Самым предприимчивым выразителем такого (казенного, словно «нарисованный факел»)[882] патриотизма был Ф.В. Ростопчин. Он приспособил бюст Наполеона под ночной горшок, собственного повара-француза велел сечь кнутом[883], а в пресловутых «Ростопчинских афишах» ухарски подзадоривал соотечественников на легкую победу («Француз не тяжеле снопа ржаного!»), потешался над воинством Наполеона и его планами: «Вить солдаты-та твои карлики да щегольки… Не токмо што Ивана Великого, да и Поклонной во сне не увидишь!»[884]. В ростопчинском духе обходилась с французами вся русская официозная публицистика, которую возглавляли тогда журналы «Русский вестник» С.Н. Глинки и «Сын Отечества» Н.И. Греча. «Литературное улюлюканье» — так определил эту ее сторону Н.Л. Бродский[885]. С другой стороны, ее отличали высокопарные гимны в честь русских героев-генералов, например:

О Кутузов! Истребитель

Человечества врагов!

Ты Отечества спаситель!

Богатырь ты всех веков!

и «гробовое молчание всех поэтов при имени Барклая»[886]. Главное же, что противопоставлялось «сатанинскому» прозябанию французов, — это «райская» жизнь всего народа, включая крепостное крестьянство, в России. «Мы в довольстве, мы в приволье, в русском царстве нам раздолье, рай — житье нам в деревнях», — восклицали дворянские пииты от имени крепостного люда[887]. А тот же Ростопчин «утешал» крестьян, ставших рекрутами или ополченцами: «Он (Царь, после победы. — H. T.) вас опять восстановит по-прежнему, и вы будете припеваючи жить по-старому»[888].

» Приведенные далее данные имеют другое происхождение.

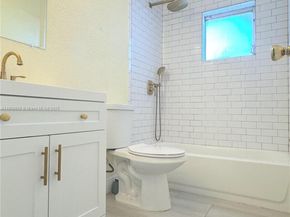 300 NW 28th Ct, Pompano Beach FL 33064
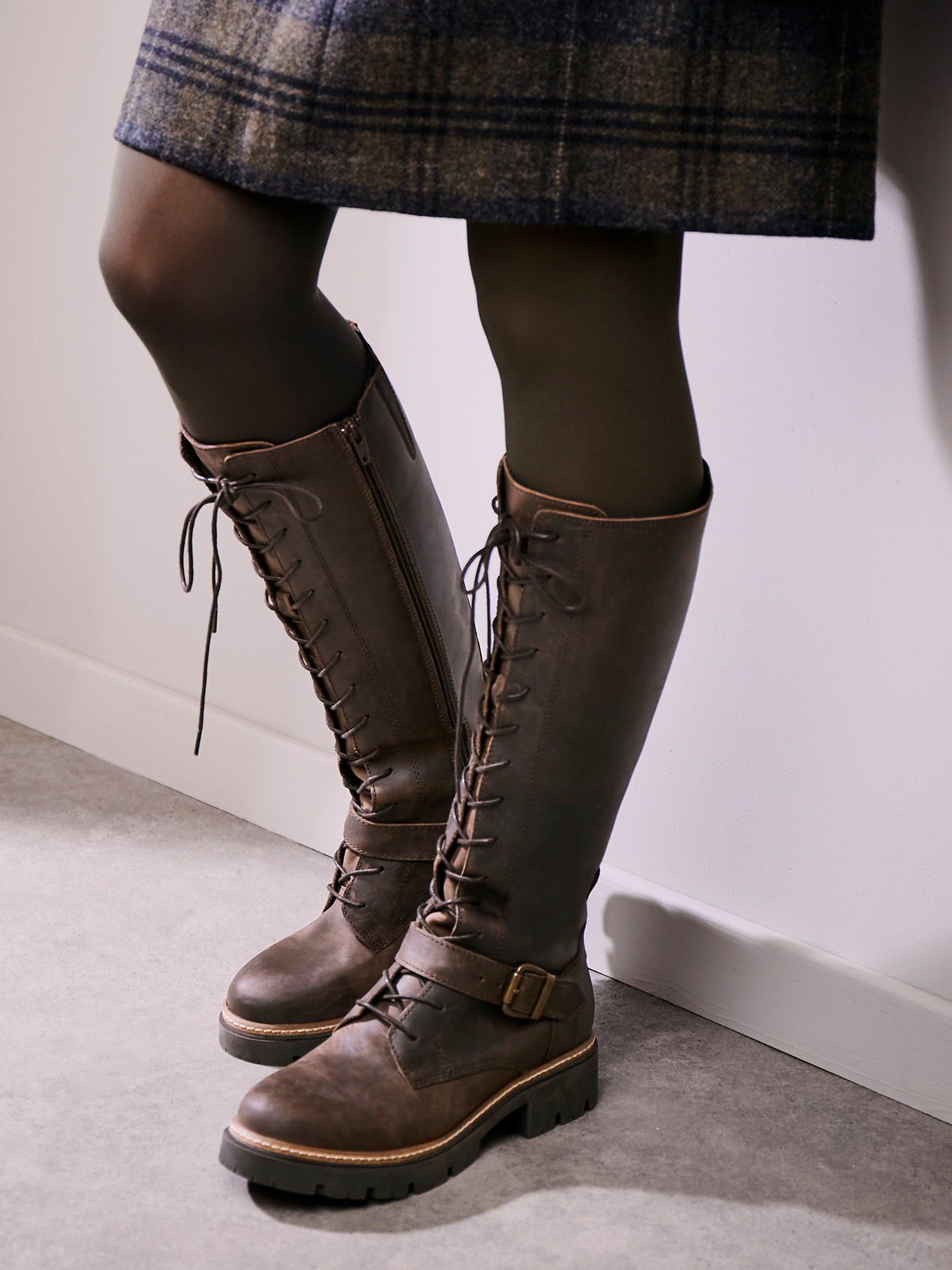 Strap Detail Lace Up Knee Boot (tanners brown)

В общем на словах дворяне были пламенными патриотами, на деле же слишком многие из них заботились не о России, а «о своей особе и о своем ларце»[889], чванились, вздорили. «Всякий ищет власть свою поставить выше власти другова, себя очистить, а другова уронить, — писал об этом начальник Новгородского ополчения Н.С. Свечин, — и такое искусство почитается служением усердным к отечеству»[890]. Дворянскую спесь афишировал негодующий вопль императрицы Марии Федоровны по поводу того, как «благородных девиц» вывозили из Москвы: «Дочерей лучшего дворянства — на телегах!»